ASSIGNED TASK: Begin with the line below holding "warehouse forklift in" and go on through the line holding "kitchen featuring visible", duplicating each line exactly and leaving out pictures.

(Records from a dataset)
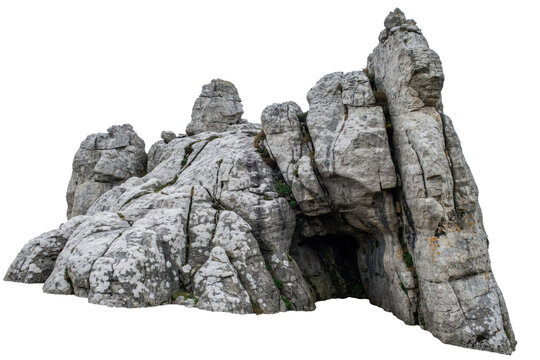 Large jagged limestone rock formation with a dark natural cave entrance isolated on a transparent background
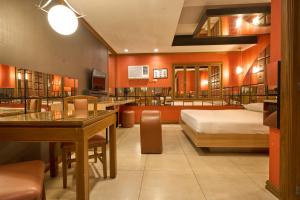 a hotel room with two beds and a dining room at Victoria Court San Fernando in San Fernando +5 photos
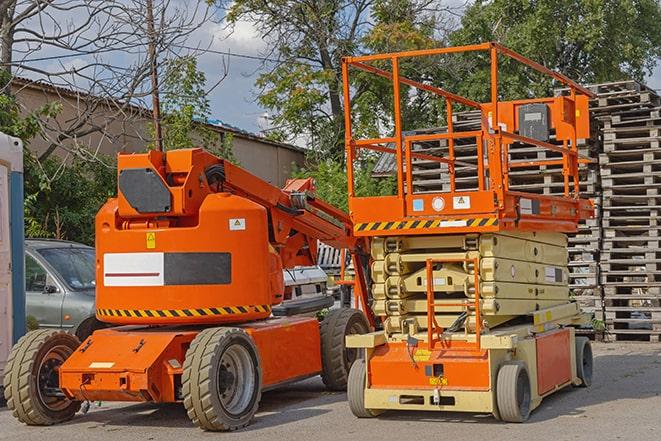 warehouse forklift in action with neatly arranged pallets in Box Elder SD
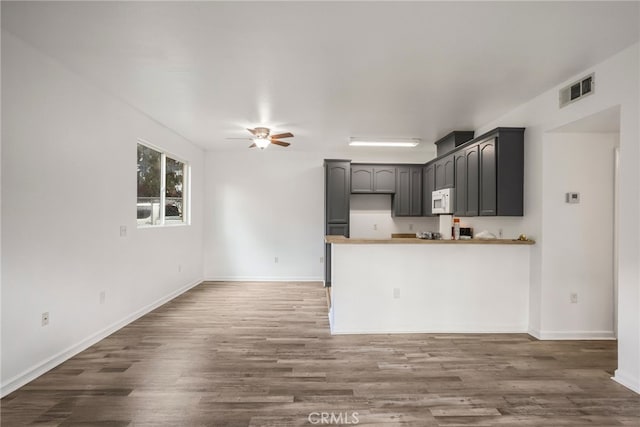 kitchen featuring visible vents, ceiling fan, a peninsula, white microwave, and wood finished floors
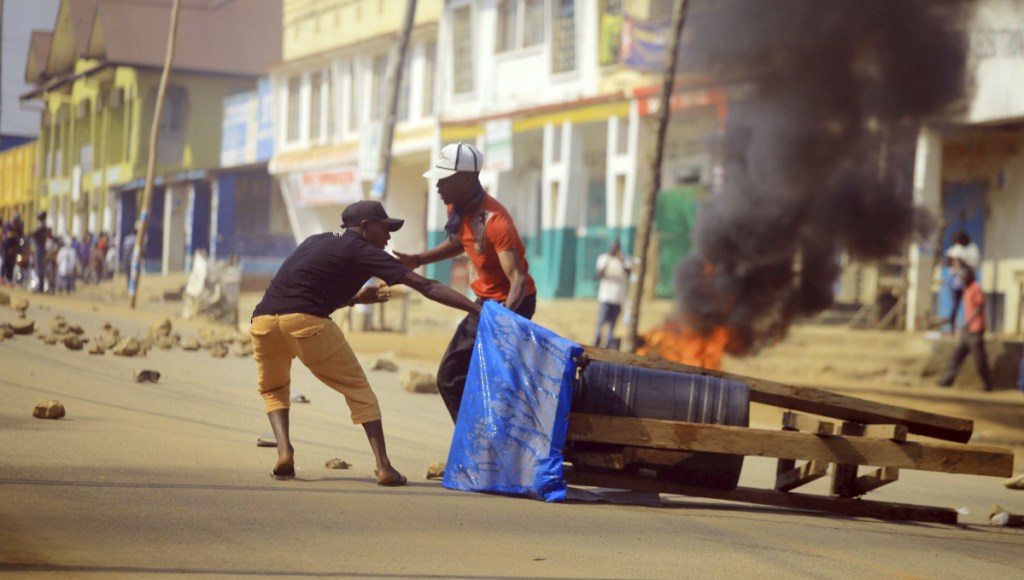 Protesters set up a barricade in the eastern Congolese town of Beni on Thursday. Police fired live ammunition and tear gas to disperse dozens of people protesting a presidential election delay.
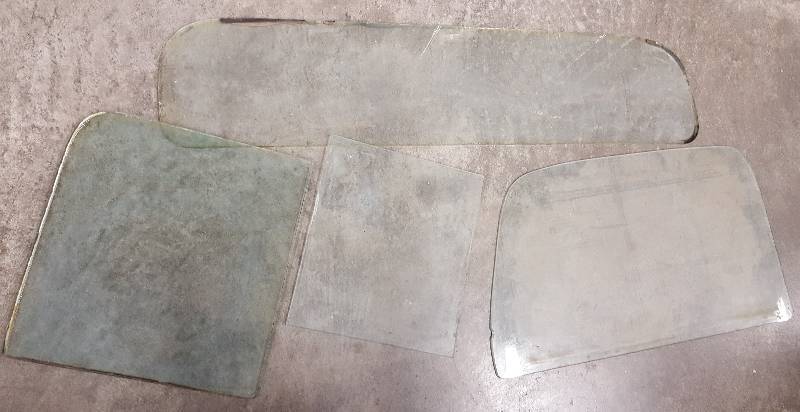 lot 5404 image: He had 30s Ford passenger cars and trucks and thinks the windshield was out of one of them.
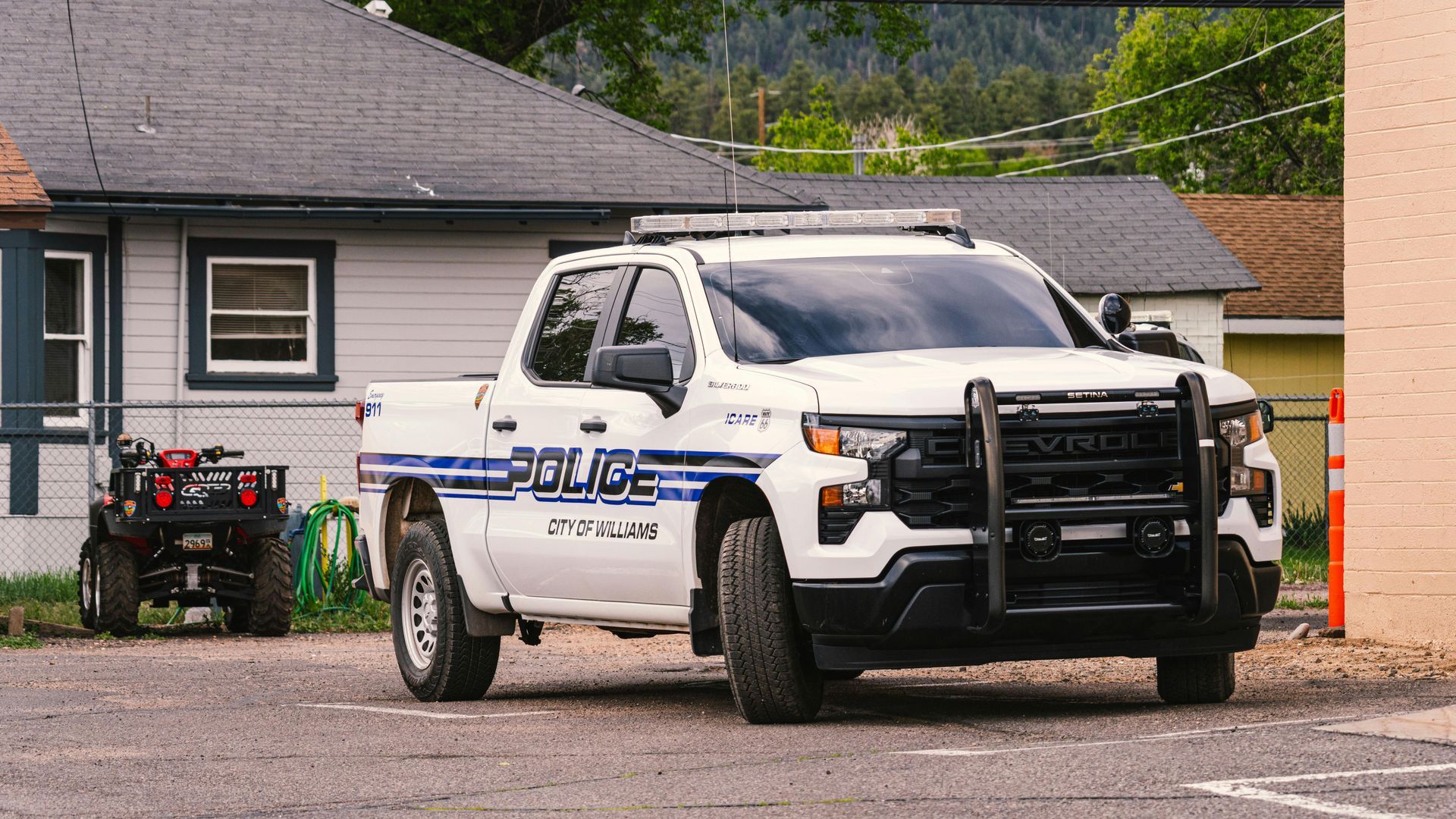 Police truck parked outside a building; an ATV is parked nearby.
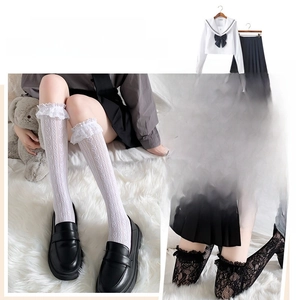 Detailansicht weißer Socken mit Herzmuster und schwarzer Overknee-Socken aus floraler Spitze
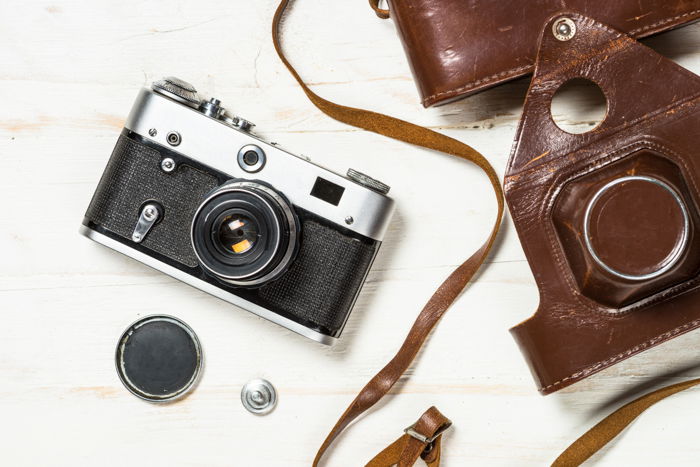 A vintage analog camera in leather casing and its accessories on a table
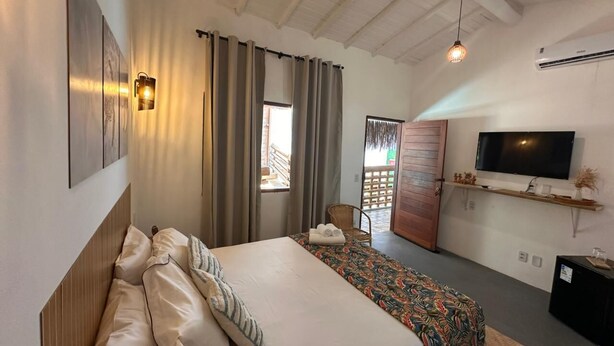 A hotel room with a bed, a TV, a window with curtains, and a wooden ceiling. - AROEIRA POUSADA TRANCOSO (Porto Seguro)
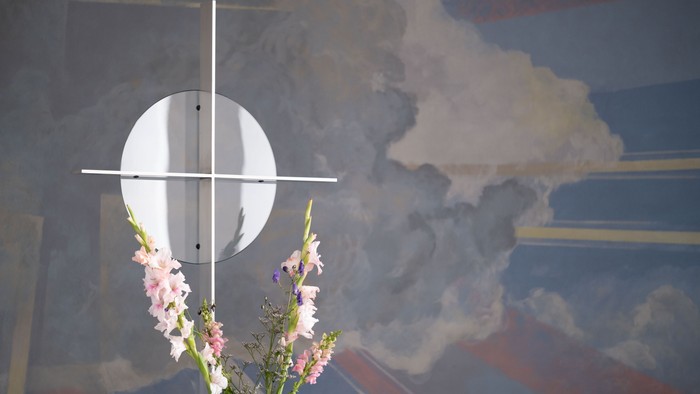 En blomstestok med blå og rosa blomster foran et maleri af himlen med en måne og skyer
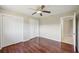 Brightly lit bedroom with a ceiling fan and pair of closets at 14048 Bruni Dr, Spring Hill, FL 34609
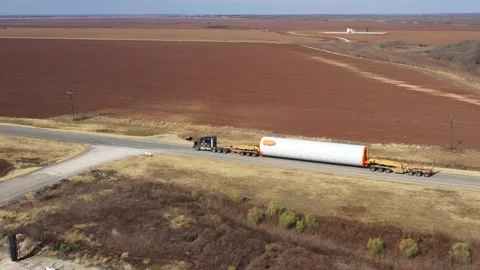 Windmill Tower Section on a Heavy Hauler Truck, Brazos County, Texas, USA Stock Footage 145949204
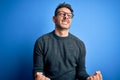 Young handsome man wearing casual sweater and glasses standing over blue background very happy and excited doing winner gesture Royalty Free Stock Photo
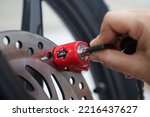 Small photo of lock the disc brake disc with a safety lock or padlock to anticipate motorcycle theft. anti theft lock concept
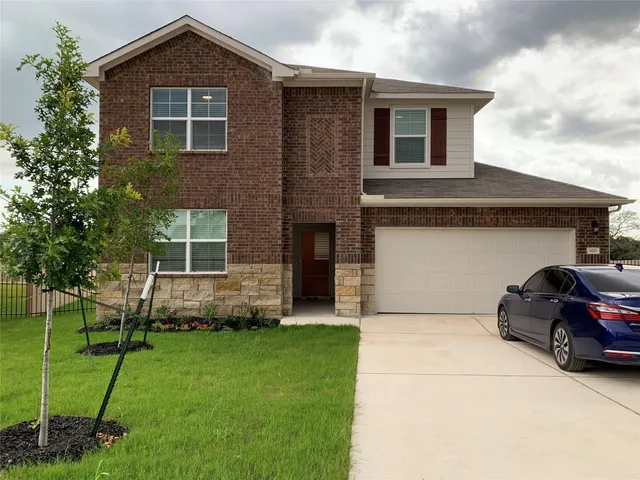 a car parked in front of a house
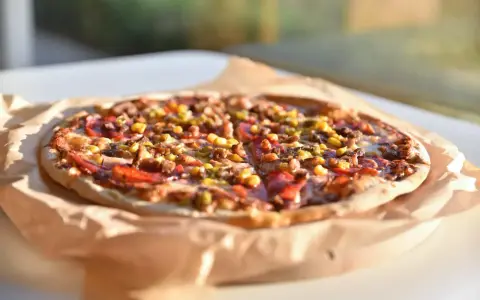 Apetyczna pizza Giuseppe 4 sery, z kukurydzą i mięsem, na papierze do pieczenia, w słonecznym świetle.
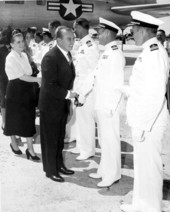 Chilean president Gabriel González Videla and Mrs. González Videla shaking hands with officers prior to flight for Washington D.C.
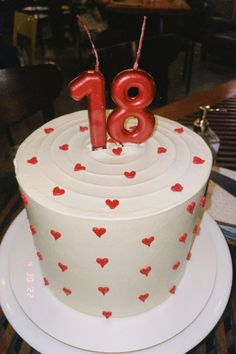 a white cake with red hearts and the number eighteen on top is sitting on a plate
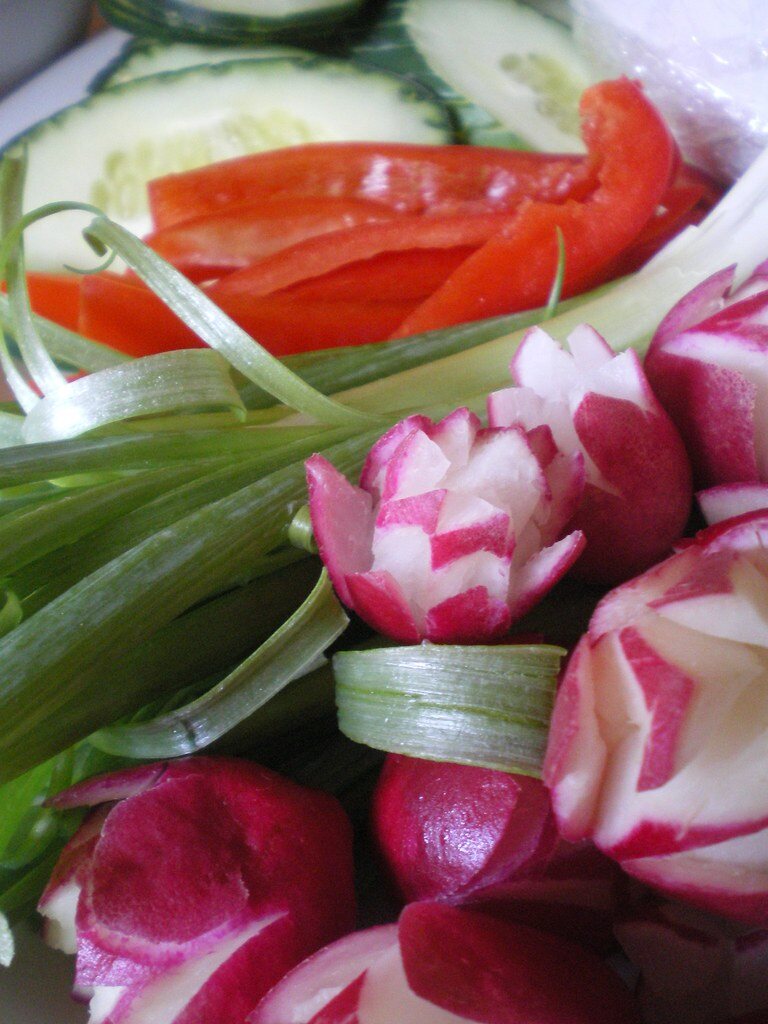 A close-up crudité platter with cucumber slices, red pepper, green onion curls, and carved radishes.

YOUR SOLUTION:
 warehouse forklift in action with neatly arranged pallets in Box Elder SD
 kitchen featuring visible vents, ceiling fan, a peninsula, white microwave, and wood finished floors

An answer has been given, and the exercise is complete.